━━ RECORDS FOR THE EXERCISE ━━

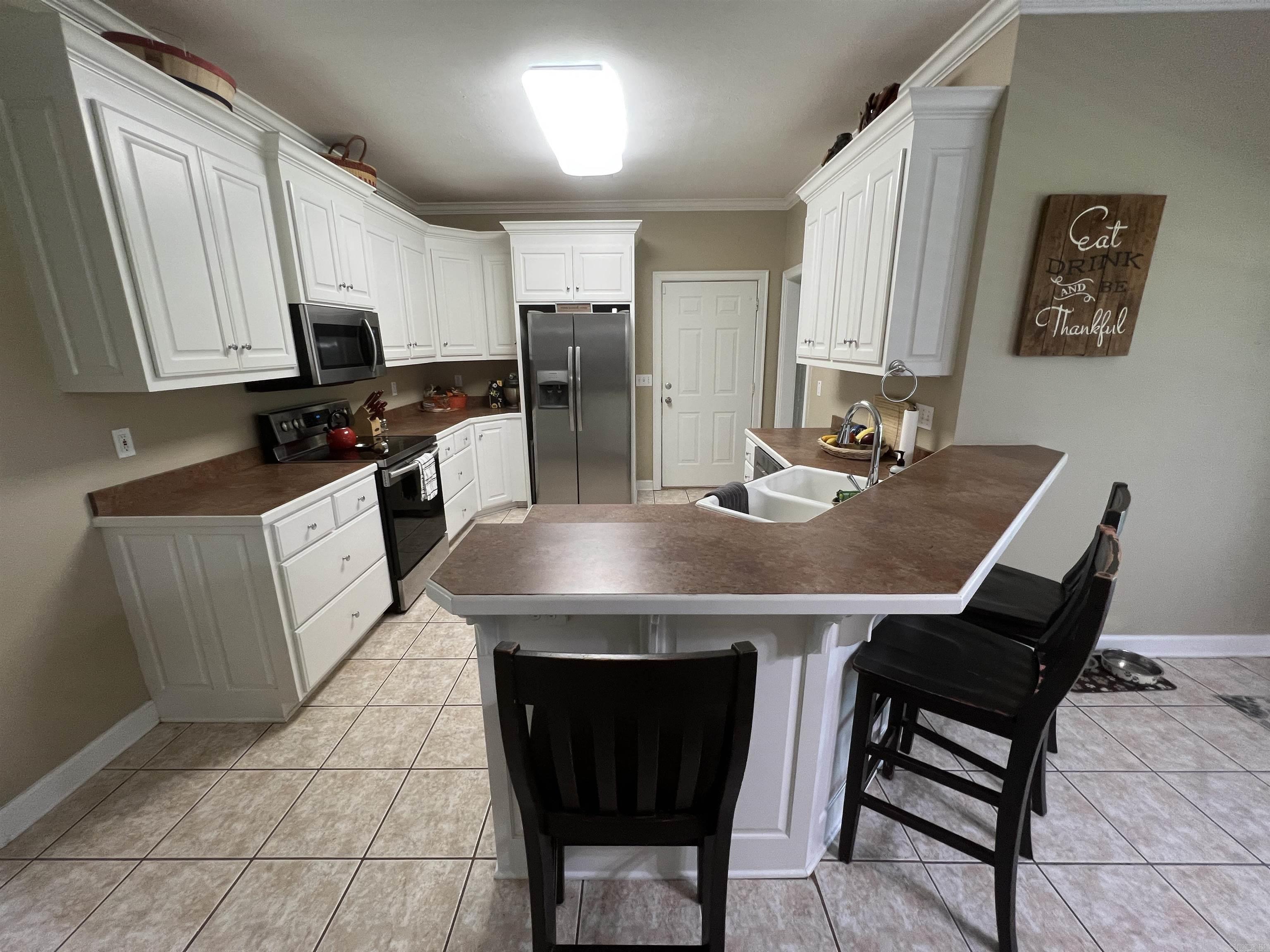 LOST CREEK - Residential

━━━
━━ RECORDS FOR THE EXERCISE ━━

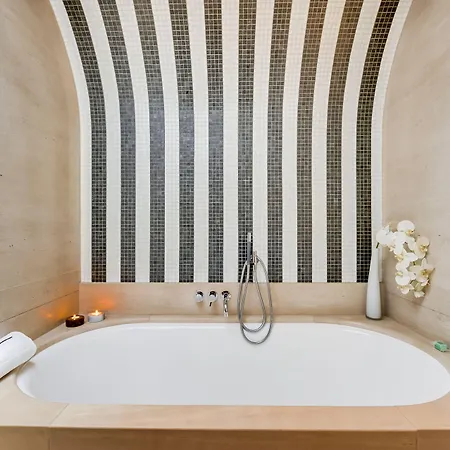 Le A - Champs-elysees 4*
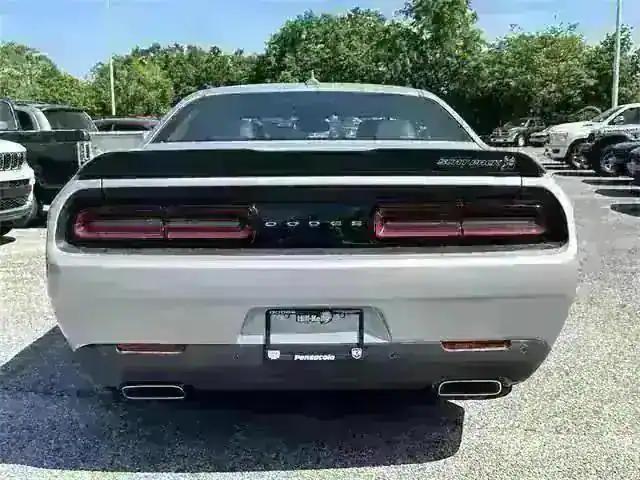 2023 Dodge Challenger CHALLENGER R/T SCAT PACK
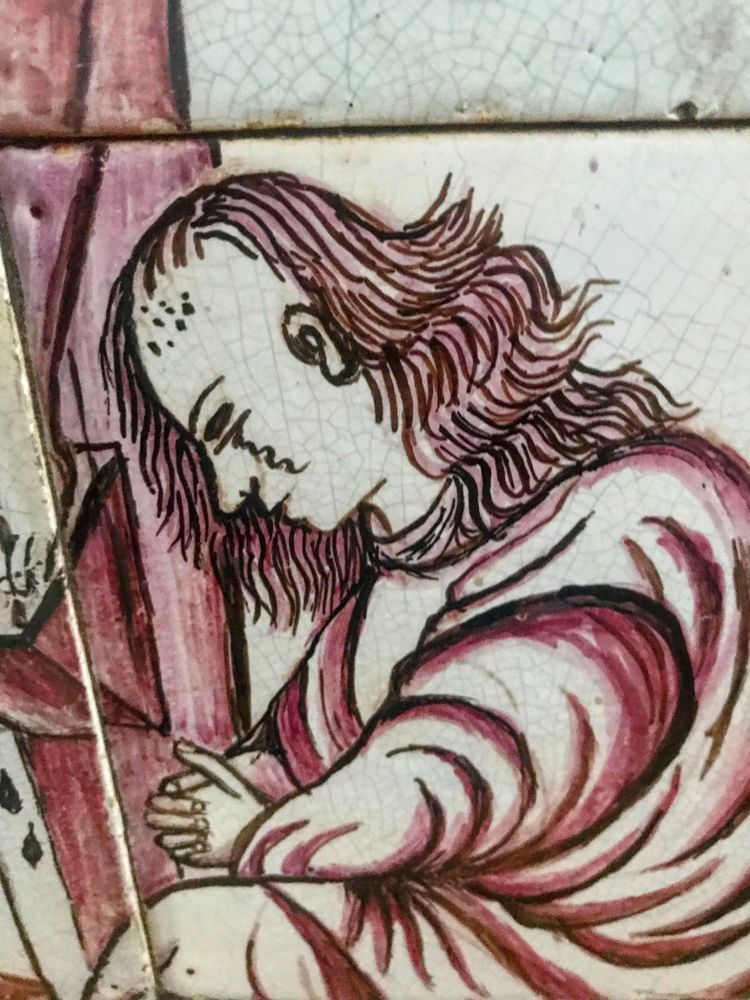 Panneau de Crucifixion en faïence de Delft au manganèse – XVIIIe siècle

━━━

- _TASK PROMPT_: Exactly the lines above from the one that contains "Le A - Champs-elysees 4*" down to the one that contains "Panneau de Crucifixion" are to be output, both ends kept and pictures omitted.

- _ANSWER SPACE_:
 Le A - Champs-elysees 4*
 2023 Dodge Challenger CHALLENGER R/T SCAT PACK
 Panneau de Crucifixion en faïence de Delft au manganèse – XVIIIe siècle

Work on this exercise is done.